Des ressortissants souhaitent aussi rentrer du Liban, où l’armée israélienne a mené de nombreuses frappes contre le Hezbollah pro-iranien, a poursuivi M. Barrot.

« Dès demain (dimanche), nous aurons un deuxième vol au départ de Beyrouth qui sera opéré par la compagnie aérienne libanaise et qui permettra de faire partir notamment les Français les plus vulnérables » , a-t-il détaillé.

Le ministre avait indiqué jeudi que 5.000 Français avaient exprimé le souhait de quitter la région, « dont 80% aux Emirats arabes unis » .

Près de 400.000 Français résident ou sont actuellement de passage dans la douzaine de pays affectés par l’extension conflit qui a débuté le 28 février entre les États-Unis, Israël et l’Iran.

Des pays du Golfe visés par de nouveaux drones et missiles, un mort à Dubaï

Les pays du Golfe ont été secoués samedi par de nouvelles attaques de missiles et de drones, tuant un migrant asiatique dans la ville émiratie de Dubaï, alors que l’Iran a dit poursuivre ses frappes chez ses voisins. 

Outre les Emirats arabes unis, pays le plus visé par la campagne de représailles iranienne depuis le 28 février, des attaques ont été rapportées au Qatar, au Koweït, en Arabie saoudite, et à Bahreïn.

Le chef du pouvoir judiciaire iranien, Gholamhossein Mohseni Ejeï, a déclaré samedi que l’Iran poursuivrait ses frappes contre des sites dans des pays voisins utilisés dans « l’agression » , invoquant des « preuves » que certains Etats de la région s’étaient « mis à la disposition de l’ennemi » .

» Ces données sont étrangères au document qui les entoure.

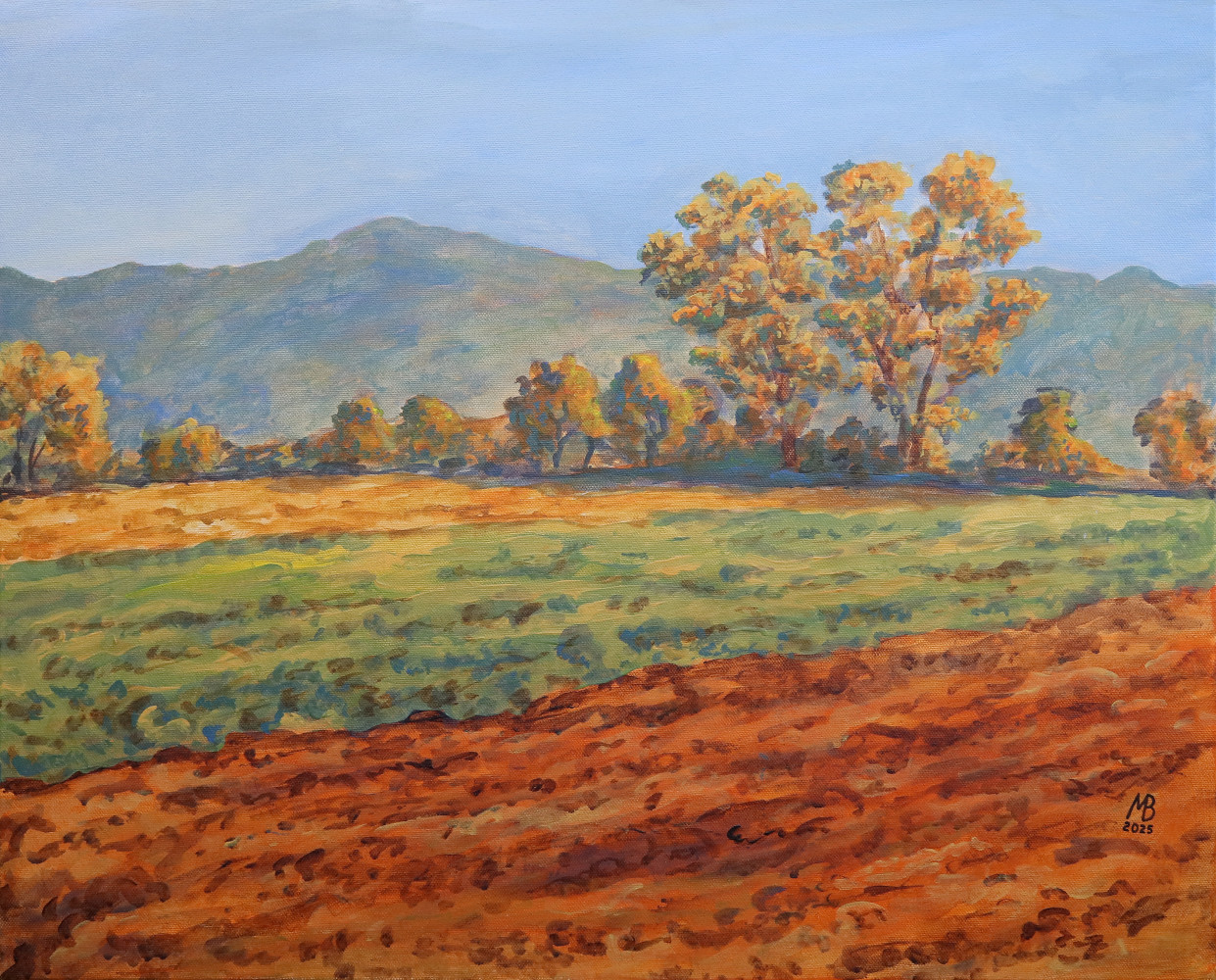 Tullnerfelder Landschaft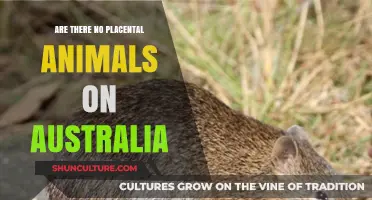 Placental Animals: Why Are They Absent in Australia?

A Dubaï, le centre financier et touristique des Emirats, les débris d’un projectile intercepté sont « tombés sur un véhicule dans le secteur d’Al-Barsha » , provoquant la mort d’un conducteur pakistanais, ont indiqué les autorités. 

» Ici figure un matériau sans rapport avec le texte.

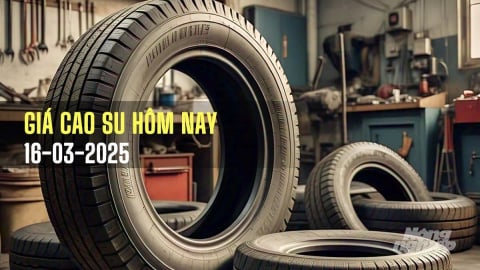 Giá cao su hôm nay 16/3/2025: Tuần này thế giới giảm mạnh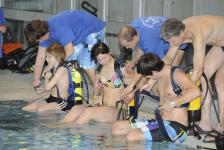 schnuppertauchen 2012_01_06_58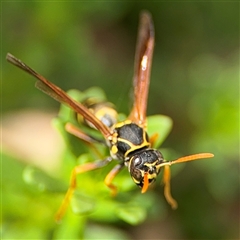 Polistes (Polistes) chinensis at Campbell, ACT - 28 Nov 2024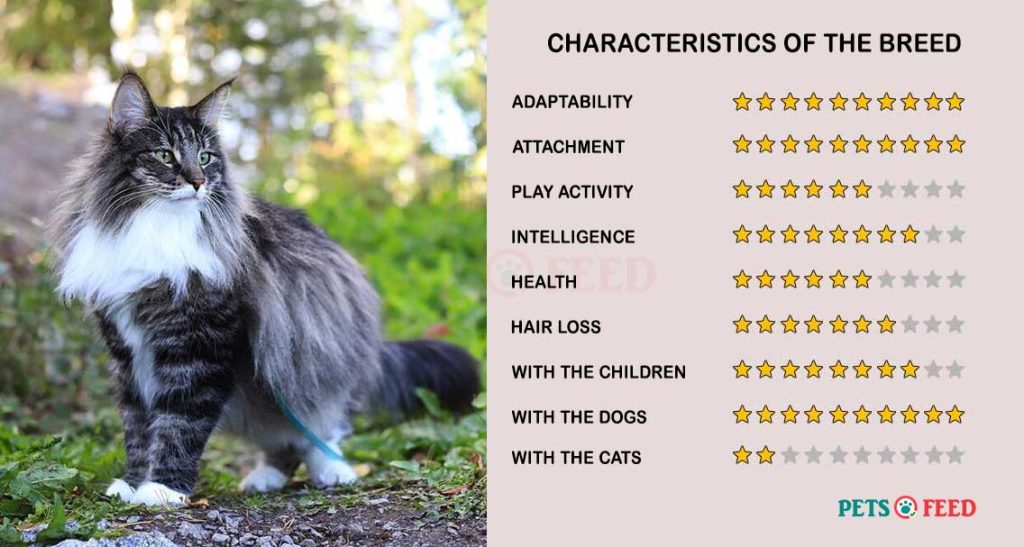 Characteristics-Norwegian-Forest-Cat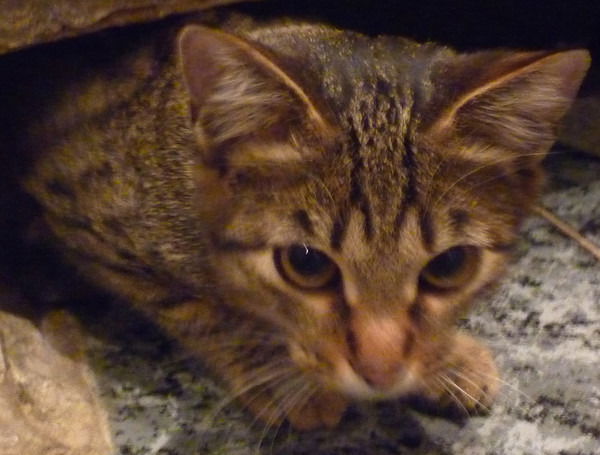 Юлия Молькова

D’autres débris ont endommagé la façade d’une tour dans le quartier très touristique de la Marina, sans faire de victimes, selon les autorités. Un témoin a dit à l’AFP avoir vu de la fumée se dégager de la tour, après que des journalistes de l’AFP ont entendu de fortes détonations.

Le ministère émirati de la Défense a fait état d’attaques de missiles et de drones venant d’Iran à deux reprises après avoir dit plus tôt dans la journée avoir été visé par 16 missiles balistiques et 121 drones. 

Le matin, une interception près de l’aéroport de Dubaï, l’un des plus fréquenté au monde en temps normal, a entraîné une brève suspension des opérations, avant une reprise partielle des vols.  

Le président émirati, Cheikh Mohamed ben Zayed, a reconnu samedi que le pays était dans une « situation de guerre » mais qu’il en sortira « plus fort« , dans une rare intervention télévisée sur la chaîne Abou Dhabi TV.